TANZEN: WENN DIE KÖRPERIN / DER KÖRPER ZUR SPRACHE WIRD

Tanzen ist weit mehr als nur Bewegung zur Musik. Es ist eine universelle Sprache, die keine Worte benötigt. Von den rituellen Tänzen der Urzeit, bis hin zu den modernen Choreografien, verbindet Tanzen Menschen über Kulturen und Generationen hinweg.

Tanzen ist eine der ältesten und ursprünglichsten Formen des kreativen, menschlichen Ausdrucks. Es geht über die bloße Umsetzung von Musik in Bewegung hinaus. Es ist eine Sprache der Seele, die keine Worte benötigt, um Emotionen oder persönliche Geschichten zu erzählen.

Tanzen ist auf verschiedensten Ebenen immer Kommunikation und Kontakt – mit mir selbst und mit anderen. Bei Kontaktimprovisation (eine wunderbare Form des berührenden Tanzens mit anderen), steht die Berührung und die gemeinsame Verbindung und Bewegung mit anderen im Vordergrund.

Die Magie der Bewegung:

Wenn die Körperin / der Körper beginnt, sich dem Rhythmus anzupassen, entsteht eine Symbiose aus Musik und Gefühlen. Tanzen ist Ausdruck von allen Gefühlen die gerade da sind, wie zum Beispiel: Lebensfreude, Leidenschaft, Lust, Trauer, Liebe, Wut oder einfach pure Energie. Es ermöglicht uns Emotionen freizusetzen, die sonst oft tief im Inneren verborgen bleiben, wir erhalten auf diese Weise mehr Zugang zu uns selbst.

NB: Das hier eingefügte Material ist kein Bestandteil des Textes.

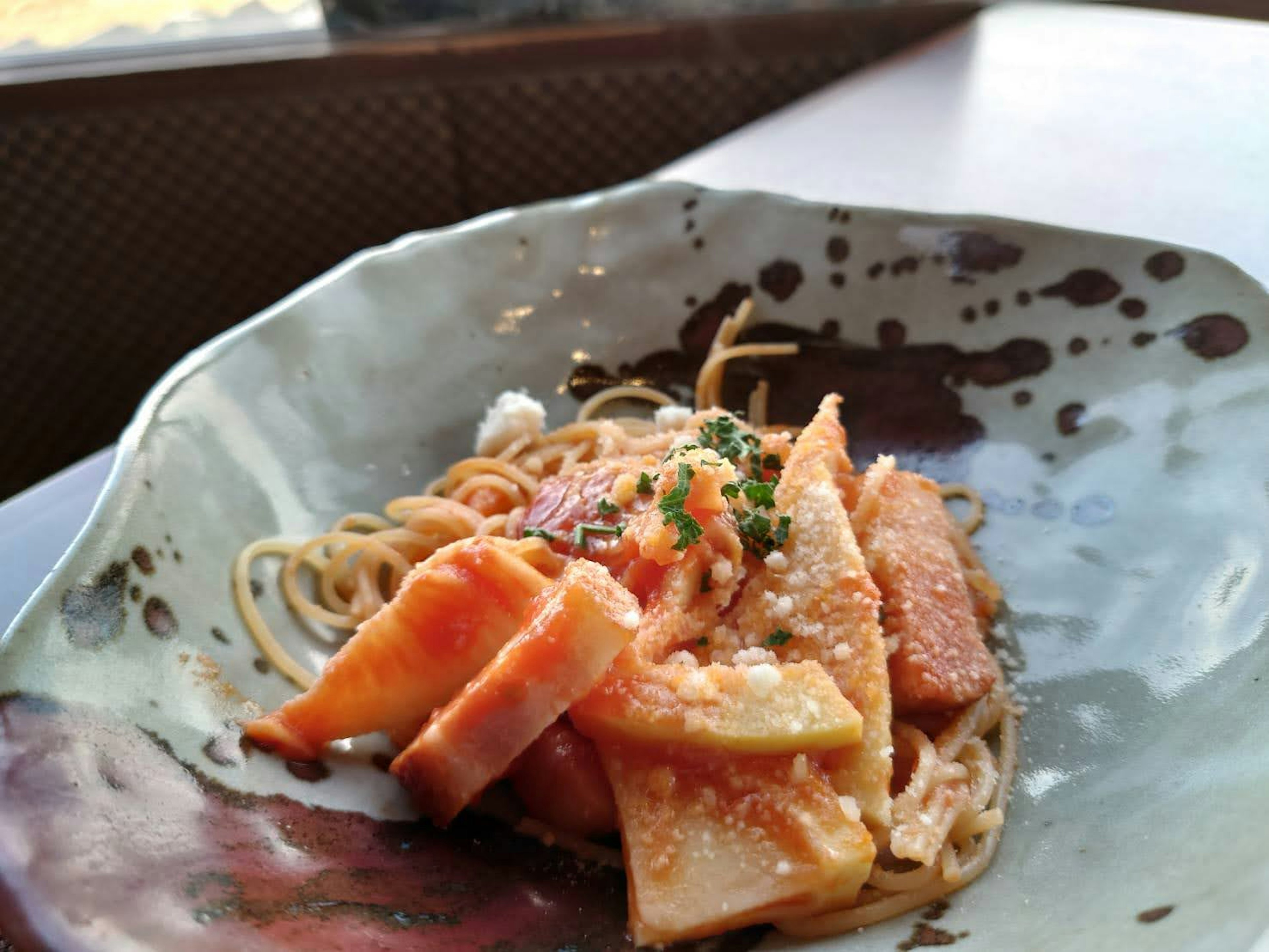 Leckere Soba-Nudeln mit Lachs auf einem dekorativen Teller serviert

Tanz ist körperliche Freiheit:

Tanzen ist eine Form der Freiheit. Es verbindet alles in uns (Körperin/Körper, Geist, Seele…) und macht uns ganz. In der Bewegung vergessen wir den Alltag, unsere Probleme, unsere Sorgen, wir fokussieren uns auf das Hier und Jetzt und lassen uns von unserer Körperin /unserem Körper verführen.

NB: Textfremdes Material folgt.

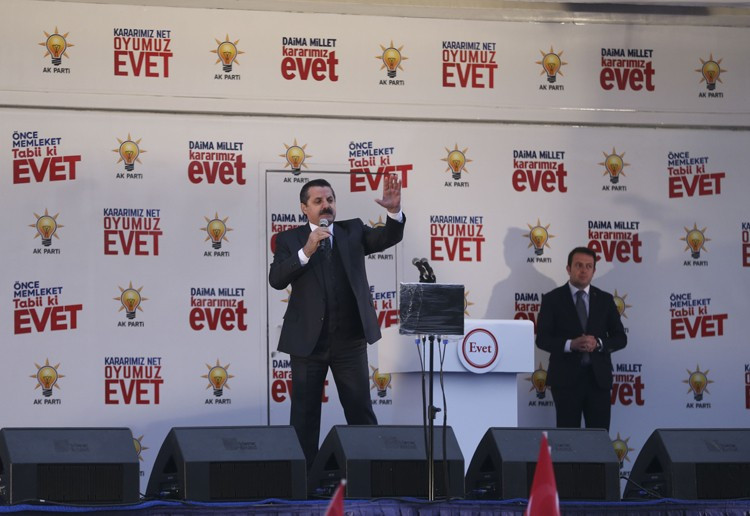 Yıldırım'ın mitinginde dikkat çeken pankart! - Resim: 4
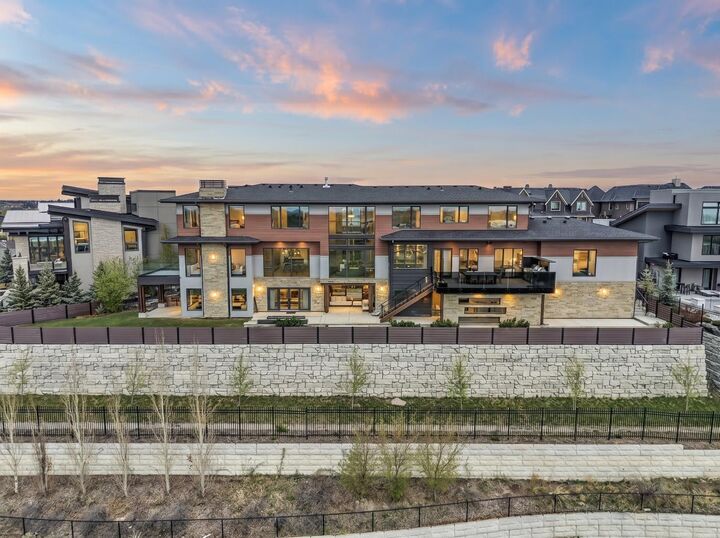 Property Photo: 315 Aspen Ridge Place SW AB T3H 1T2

Tanzen bedeutet das Leben zu feiern

Die Welt des Tanzes ist unendlich vielfältig. Es ist die Kunst die Musik sichtbar zu  machen. Tanzen bedeutet das Leben zu feiern.

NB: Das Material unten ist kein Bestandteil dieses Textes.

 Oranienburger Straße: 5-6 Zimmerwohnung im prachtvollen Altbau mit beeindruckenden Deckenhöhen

  • Stärkung und Heilung: Tanzen bedeutet lebendig zu sein, Tanzen macht glücklich, verbindet und stärkt das Selbstbewusstsein.

  • Gesundheit und Fitness: Tanzen trainiert Geschicklichkeit, Beweglichkeit, sowie das Koordinationsvermögen. Es ist ein effektives Herz-Kreislauf Training, das Fein- und Grobmotorik verbindet.

  • Gehirntraining: Tanzen verbessert Aufmerksamkeit, Gedächtnis, Gleichgewicht und Raumwahrnehmung. Das Gehirn wird gefordert zahlreiche Prozesse gleichzeitig zu koordinieren.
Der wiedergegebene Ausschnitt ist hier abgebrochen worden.